Spotlight on Market Access

  • Drug Channels Predicts More Wholesaler Vertical Integration Over Next Couple of Years

    While many retail pharmacies are backing off from their provider group subsidiaries, private-equity groups continue to invest in the space, activity that is likely to continue under the new administration. Roll-up mergers have been of great interest to drug wholesalers, which have become almost as vertically integrated as the major PBM/insurer entities. As pressure grows on the buy-and-bill system, this integration will be a big story over the next couple of years, asserted longtime industry expert Adam J. Fein, Ph.D., president of Drug Channels Institute, an HMP Global Company, during a Dec. 13 webinar.

    Taking a broad look at the drug channel, Fein observed that private-equity groups have become a “big part of health care markets.” Retail pharmacies had been acquiring primary care organizations that were started by venture capital and private-equity companies but “have now realized that’s not such a great business.” He pointed to Walgreens Boots Alliance, which has considered selling VillageMD and, more recently, is reportedly in talks to sell itself to private-equity group Sycamore Partners, according to The Wall Street Journal.

  • Payers Say They Are Planning to Add Stelara Biosimilars to Formularies

    The beginning of the new year should see the start of the next wave of highly anticipated biosimilars: those of Stelara (ustekinumab) from Johnson & Johnson Innovative Medicine (formerly Janssen Biotech, Inc.). While payers are saying they plan to have some of the biosimilars on formulary, many also say they will keep the reference drug on a preferred tier, according to Zitter Insights.

    Stelara is approved for the treatment of adults and pediatric patients at least 6 years old with moderate-to-severe plaque psoriasis who are candidates for phototherapy or systemic therapy, adults and pediatric patients at least 6 years old with active psoriatic arthritis, adults with moderately to severely active Crohn’s disease and adults with moderately to severely active ulcerative colitis.

  • S&P: Trump Administration Could Be a Net Negative for Health Care Industry

    While many upcoming health care policies remain unclear, potential changes brought about by the Trump administration will be a net negative credit-wise for the industry, according to an S&P Global Ratings analyst. 

    In a Dec. 2 article, analyst Arthur Wong named the top five developments S&P Global is watching: the Affordable Care Act, Medicare drug pricing negotiations in the Inflation Reduction Act (IRA), the Federal Trade Commission’s (FTC) tone on mergers and acquisitions (M&A) and tariffs, and HHS priorities. “We do not envision any rating changes due to the change in administration until it becomes clear what policies will be implemented and their time frame,” Wong wrote. “However, we see more downside than upside risk to ratings over the near term.” 

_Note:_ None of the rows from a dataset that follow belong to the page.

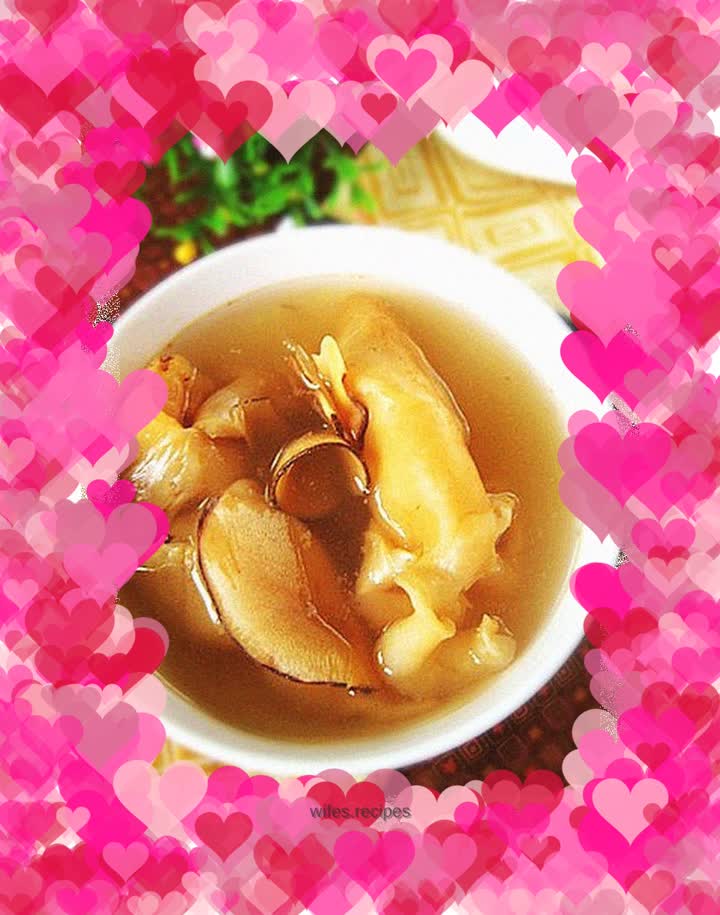 Natural moisturizing skin soup - Sea Coconut Fish Maw Chicken Soup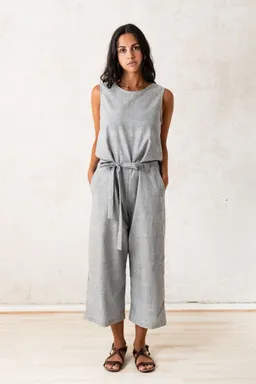 Jyoti - Fair Works Jyoti - Fair Works Damen vegan Jumpsuit Jalina Hellgrau – Produktbild 1 von 1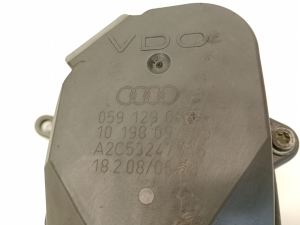 AUDI A4 B8 (2007–2016) Sisselaskekollektori klappide mootor 05912908 - 5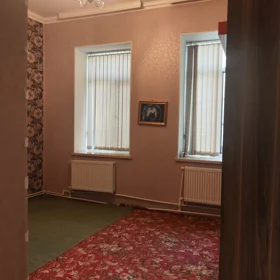 In Baku 90.0 m² house with 3.0 rooms is for rent - Image 3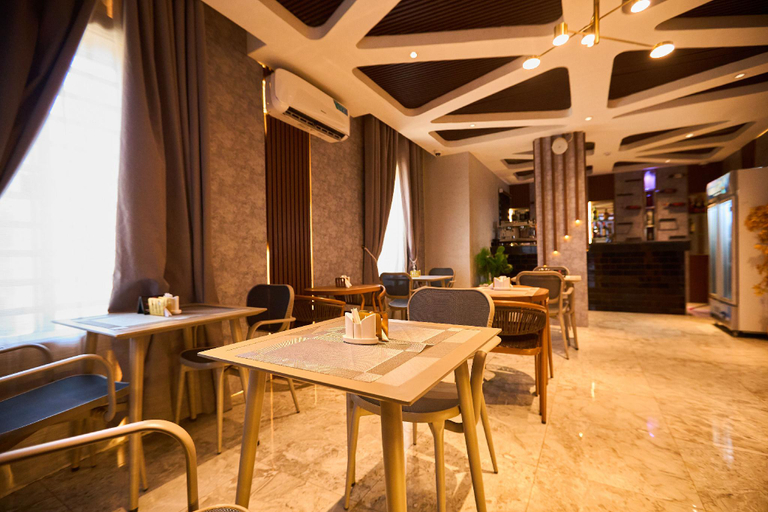 Restaurant 5, Bourdillon Hotel & Apartments Gwarimpa, AbujaMun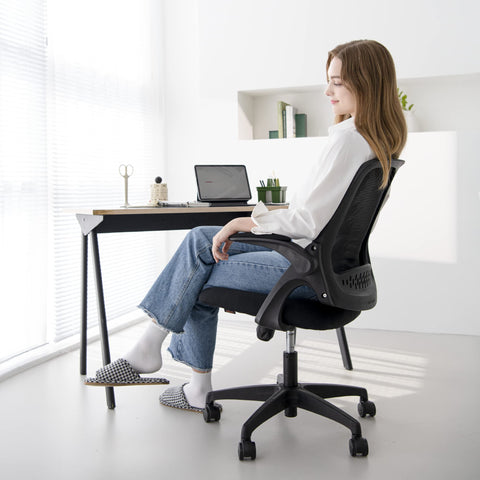 NEO CHAIR FSC-certified wood frame provides reliable internal support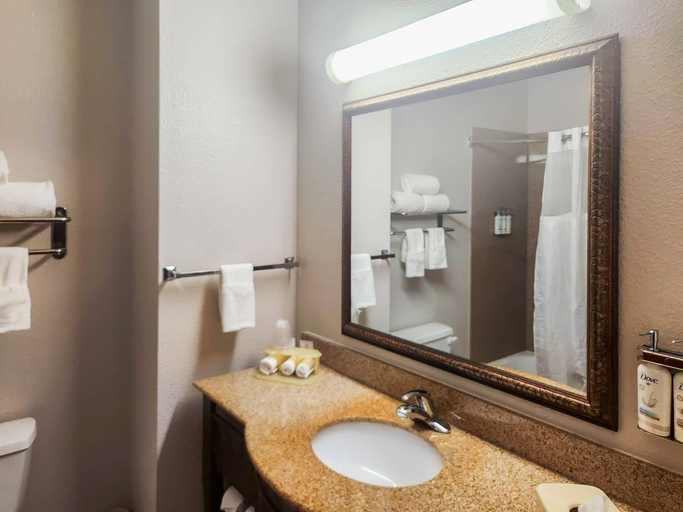 Bathroom 3, Country Inn & Suites by Radisson, Terrell, Kaufman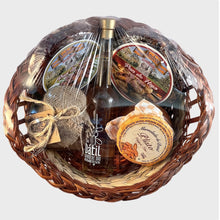 Cargar imagen en el visor de la galería, Cestas con una selección de productos de Elche como: Dátiles, Pan de dátil, Pan de higos, Mermelada de dátil, Mermelada de higos, Licor de dátil, miel natura, figurita de la Dama de Elche... Todos ideales para elaborar un lote para un gran regalo. Palmas y dátiles Serrano Valero. www.palmasydatiles.com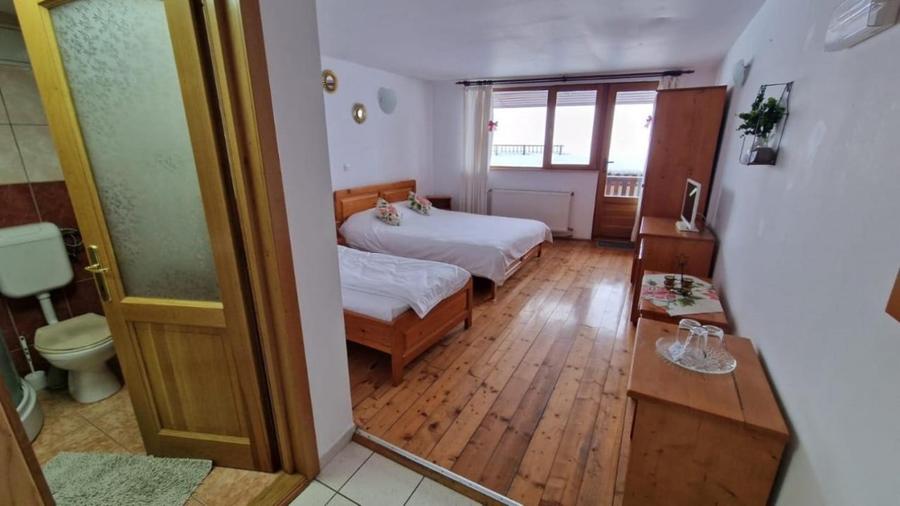 Hotel/Pensiune, de 56.200000762939 mp, în Moieciu de Jos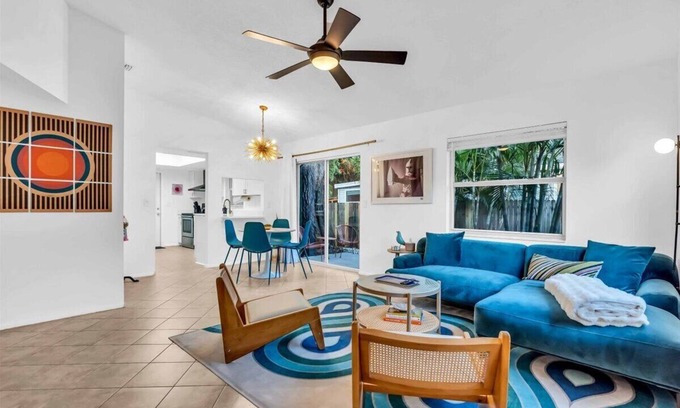 Park East House | CandyPop Retro Retreat - 2BD/2BA Near Downtown SRQ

  • MA-PD Deductibles Up, PDP Options Down Amid Big Policy Changes in 2025

    Policy changes to the Medicare Part D benefit that were included in the Inflation Reduction Act, namely a $2,000 out-of-pocket drug costs cap, will lead to lower out-of-pocket spending for some Part D enrollees but higher costs for Part D plans overall in 2025, according to a KFF analysis.

    Six in 10 enrollees in Medicare Advantage Prescription Drug (MA-PD) plans will be in a plan that charges a deductible for drug coverage if they stay in their current plan, compared with just 21% in 2024. The average drug deductible charged by MA-PD plans will increase four-fold from $59 in 2024 to $225 in 2025. In addition, a larger share of MA-PD enrollees will be in plans charging coinsurance rather than flat copayments for preferred brands and nonpreferred drugs: 28% will be required to pay coinsurance for preferred brands versus 2% in 2024, and 57% will face coinsurance for nonpreferred drugs versus 11% in 2024.

  • CMS’s $40B GLP-1 Proposal Offers Leeway for Part D Plans to Define Obesity

    Acknowledging the growing prevalence of obesity in the U.S. and its existence as a chronic disease, CMS in its proposed Medicare Advantage and Part D rule for the 2026 contract year included a landmark provision to expand Medicare and Medicaid coverage of anti-obesity medications (AOMs). The proposal opens the door to more Part D coverage of costly glucagon-like peptide-1 (GLP-1) medications — which are now covered for the treatment of Type 2 diabetes or major adverse cardiovascular events — and industry experts question how sponsors will determine eligibility and control what’s likely to be a significant increase in costs.